TASK GOAL »
What you should end up with is an exact copy of the lines from the one holding "Subblim HDD Business Case 2,5 Pulgadas Negra" through the last line of the entries below, both included, and nothing else; leave every picture out.

********

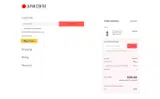 WELCOME20 coupon verification screenshot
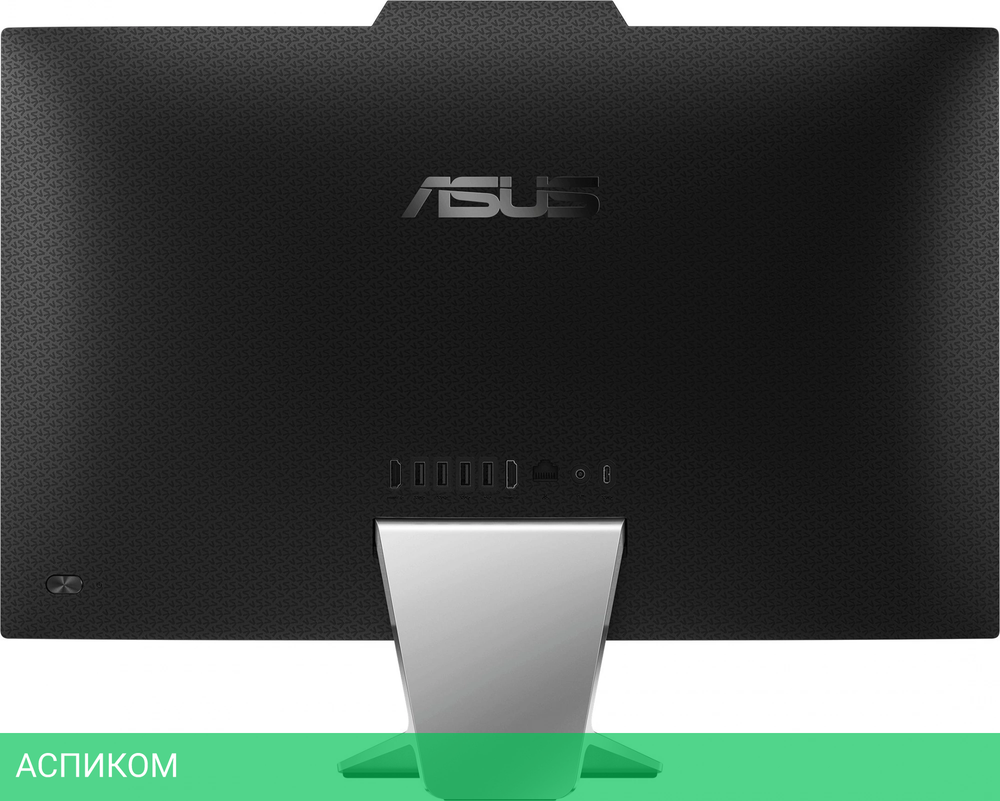 Моноблок Asus F3402WFA-BPC0060 черный (90PT03L2-M00K20)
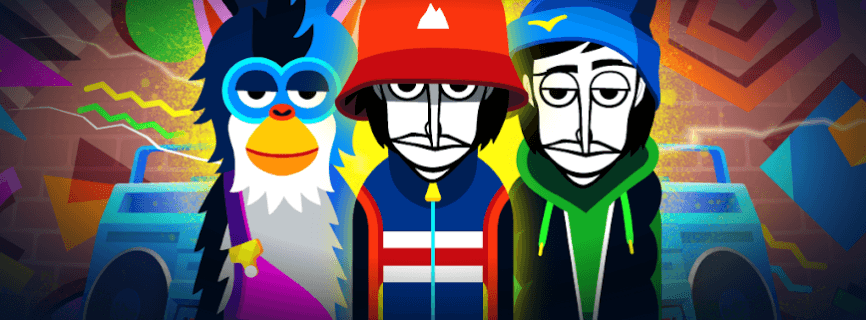 Incredibox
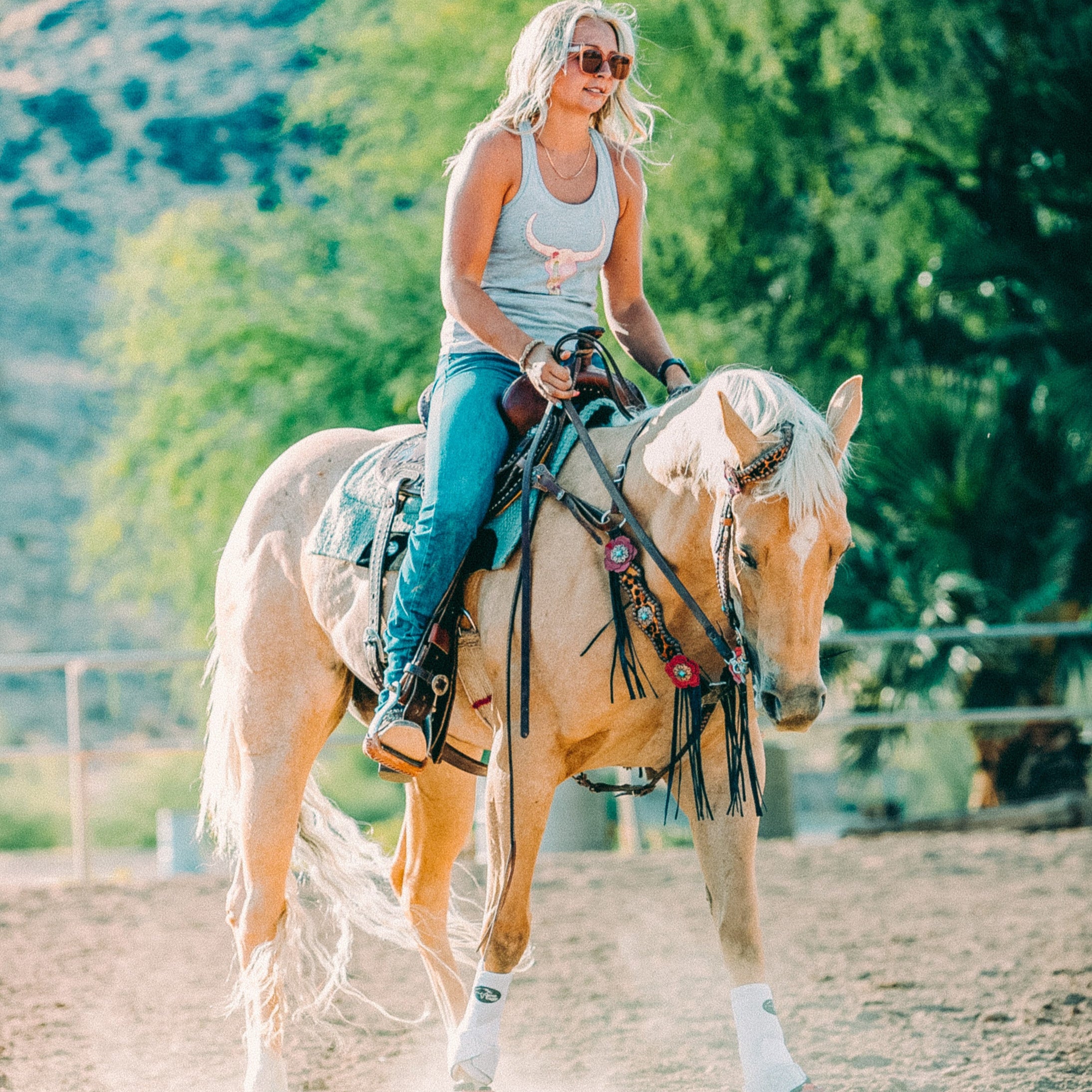 Emerald Mobile Preset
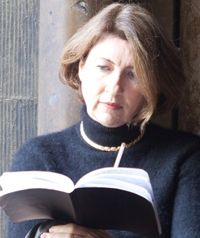 M. L. Stedman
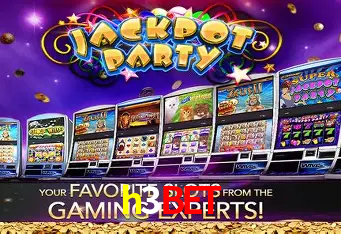 Descubra o Mundo do Cassino Online com h3bet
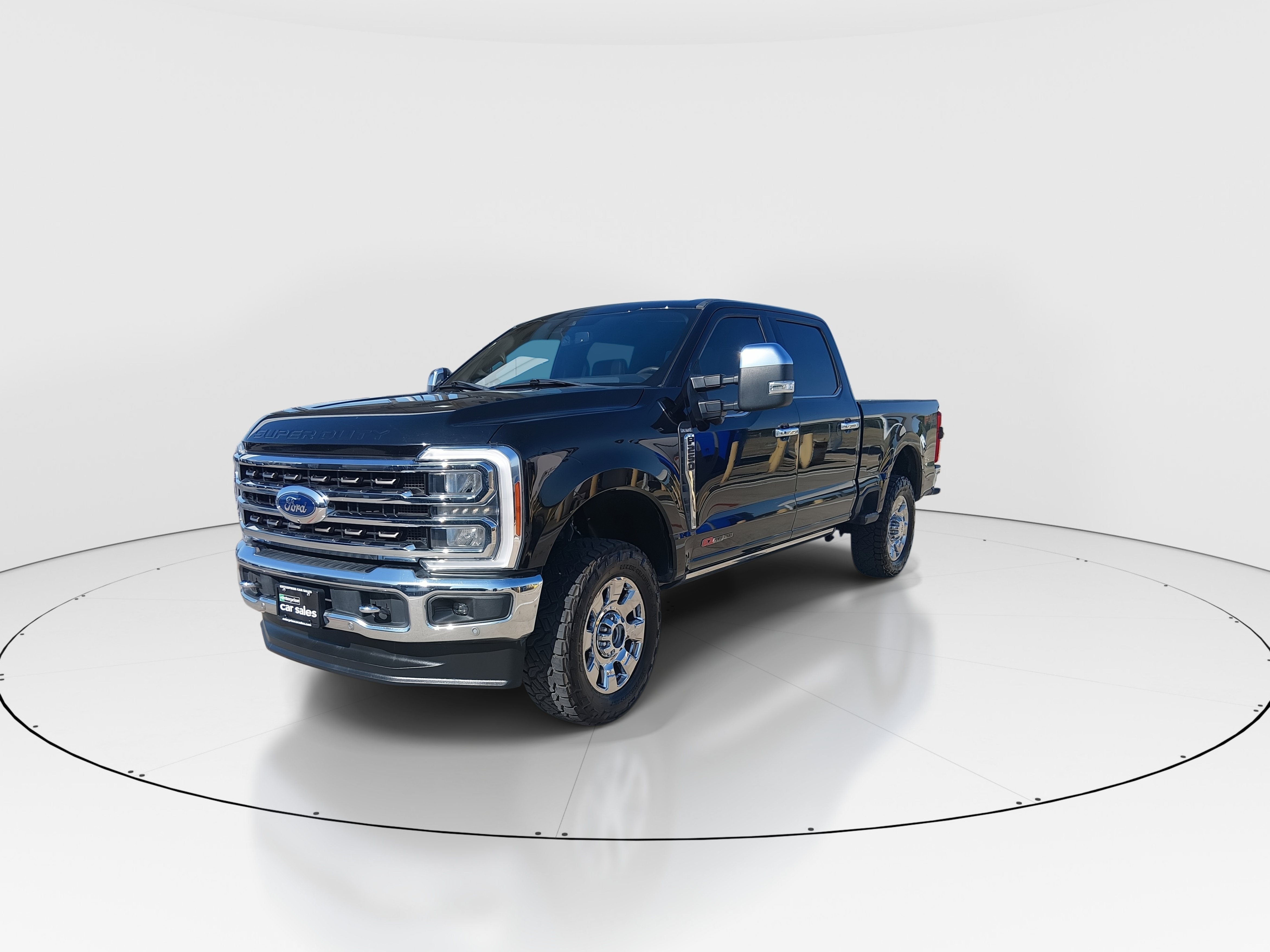 2023 Ford F-250 Super Duty 3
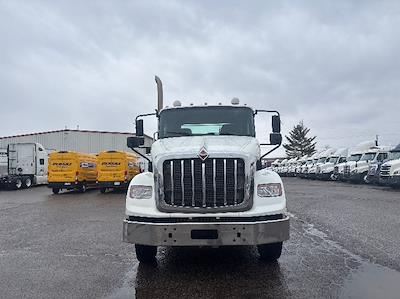 Used 2021 International HX - photo 1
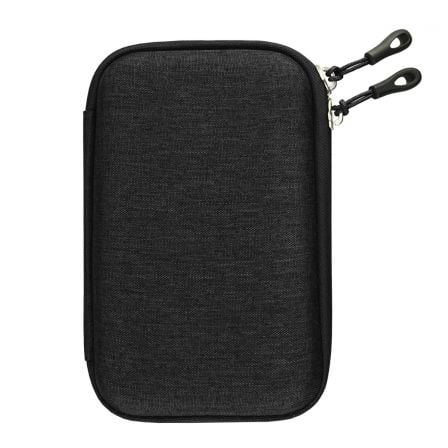 Subblim HDD Business Case 2,5 Pulgadas Negra
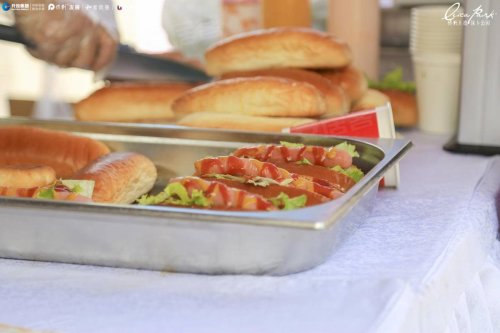 【新視界亮相】保利開(kāi)投·徠卡公園營(yíng)銷(xiāo)中心盛裝綻放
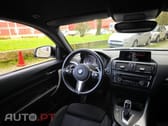 BMW 220 d Coupe Pack M Auto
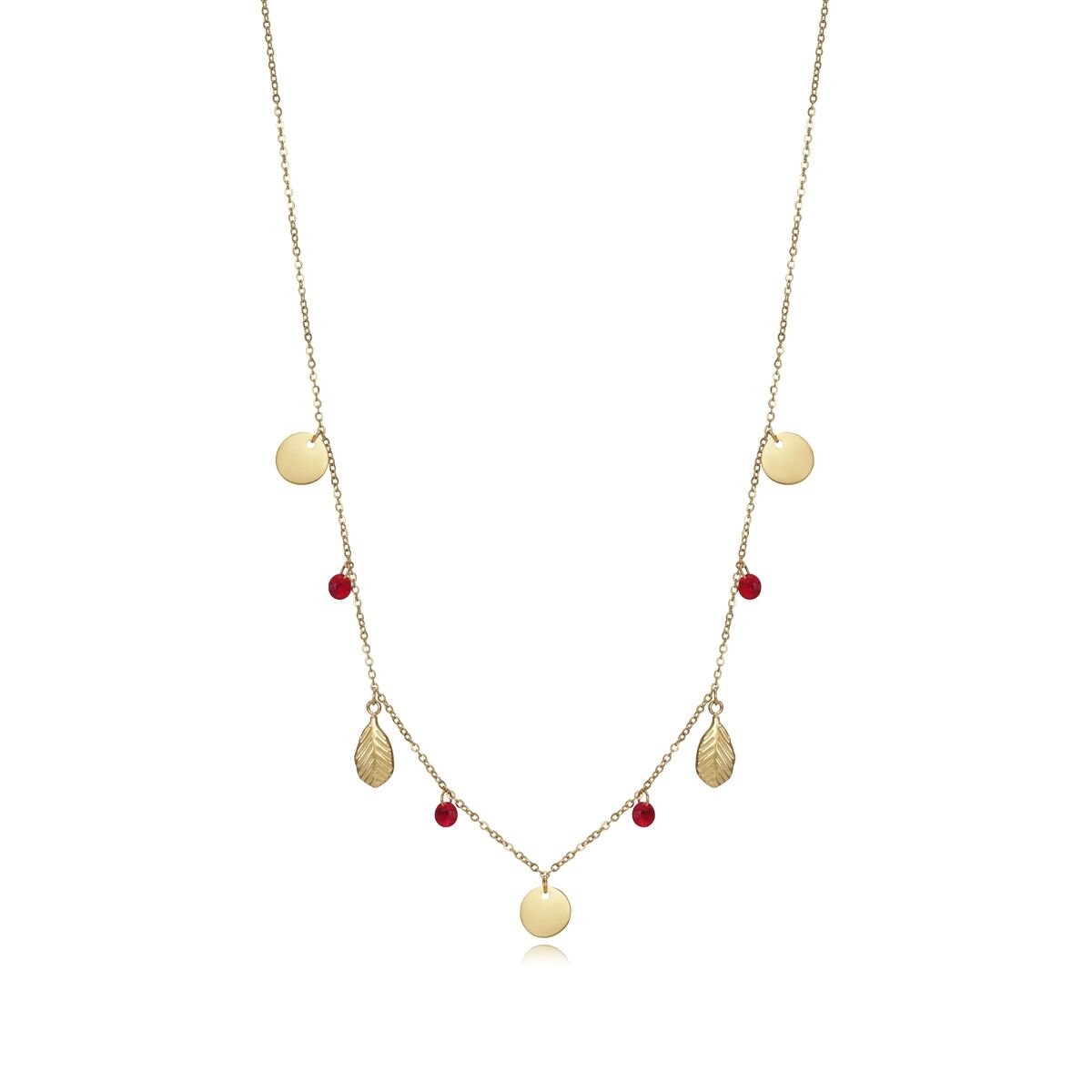 Collier Femme Viceroy 75280C01012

********

RESPONSE BELOW »
 Subblim HDD Business Case 2,5 Pulgadas Negra
 【新視界亮相】保利開(kāi)投·徠卡公園營(yíng)銷(xiāo)中心盛裝綻放
 BMW 220 d Coupe Pack M Auto
 Collier Femme Viceroy 75280C01012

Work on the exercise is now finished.